TORONTO/VANCOUVER, British Columbia (Reuters) - Canadian insurer Great-West Lifeco Inc. (GWO.TO) said on Thursday it will buy ailing money manager Putnam Investments from Marsh & McLennan Companies Inc. (MMC.N) for $3.9 billion in a bid to gain a key foothold in the U.S. asset management market.
Great-West Lifeco’s president and chief executive, Raymond McFeetors, told a conference call the deal would boost assets at the insurance unit of Montreal-based Power Financial Corp. (PWF.TO) to C$420 billion ($356 billion) from C$197 billion.
“The company has been reviewing for some time its strategic positioning in the U.S., particularly we have a desire to increase our presence in the asset accumulation and wealth management (market),” he said.
“We’re a top 10 player with this acquisition.”
Great-West, based in Winnipeg, Manitoba, expects the acquisition to add to its earnings, before restructuring charges, in the first year.
Both boards have approved the transaction, and they expect it to close in the middle of this year. Boston-based Putnam will keep its name and existing management, investment, distribution and service teams.
McFeetors said the buy was a “great opportunity” as Putnam had an implied price-to-earnings ratio of 14.5, including planned margin improvements, compared with an average multiple of 22 for asset managers.

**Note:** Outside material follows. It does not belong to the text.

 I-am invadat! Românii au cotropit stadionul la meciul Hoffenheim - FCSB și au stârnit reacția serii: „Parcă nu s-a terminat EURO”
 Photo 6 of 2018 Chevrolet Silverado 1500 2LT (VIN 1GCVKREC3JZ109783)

Genuity Capital Markets analyst Mario Mendonca estimated that with Putnam’s current sub-par margins, it was bought for between 20 and 23 times earnings, in line with current market valuations.
If Putnam’s margins improve, the deal could boost Great-West’s 2008 earnings by up to 8 Canadian cents a share, Mendonca said in a research note.

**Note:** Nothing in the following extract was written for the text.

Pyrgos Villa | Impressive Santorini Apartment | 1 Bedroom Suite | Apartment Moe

The Canadian insurer is the latest domestic financial services company to look outside of Canada for future growth, and Putnam will give Great-West a significant U.S. distribution network and established brand, Desjardins Securities analyst Michael Goldberg said.
For Marsh, the sale followed longtime pressure from investors to shed the underperforming unit, one of its four major divisions. Marsh Chief Executive Michael Cherkasky told Reuters that he plans to use the net sale proceeds for acquisitions.

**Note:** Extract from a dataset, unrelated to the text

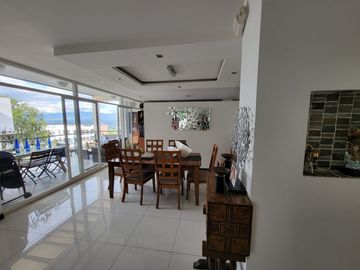 Departamento en Venta de 200 Metros en el sector de Cumbaya, Colegio Alemán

Putnam has suffered from rising redemptions and poor performance by its top funds, and some analysts doubted whether a deal would go through at all. Its assets are down to $192 billion from about $371 billion in 2000.
Assets started falling during the bear market of 2000-02 and despite the stock market recovery, the decline continued as Putnam was charged with fraud in an industry-wide market-timing scandal that hit in 2003. Putnam settled by agreeing to pay about $193 million in fines and restitution.
Putnam management say they have a plan that will return operating margins to industry norms, and McFeetors said he expects fund flows to turn positive this year.
At a news conference in Toronto, Putnam president and chief executive Charles Haldeman said total net fund outflows in the first half of 2006 were $12 billion, and that declined to $3 billion in the third quarter. He expected a “marked improvement” in the fourth quarter.
Great-West said it would finance the transaction with a combination of internal resources, an issue of common shares worth a maximum of C$1.2 billion, debentures and bank credit, and the securitization of a tax benefit of about $550 million.
In a separate statement, Power Financial Corp., which owns more than 70 percent of Great-West Lifeco, said the deal will satisfy its goal of expanding its U.S. financial group, and will add to Power Financial’s earnings in the first full year.
The $3.9 billion price for Putnam — which includes $350 million for Putnam’s 25 percent stake in private equity firm T.H. Lee Partners — was in line with recent press reports. Marsh & McLennan said in September that it was considering a sale.
Shares of Great-West Life rose 52 Canadian cents to C$35.01 on the Toronto Stock Exchange on Thursday. In New York, Marsh shares were up 46 cents at $29.96.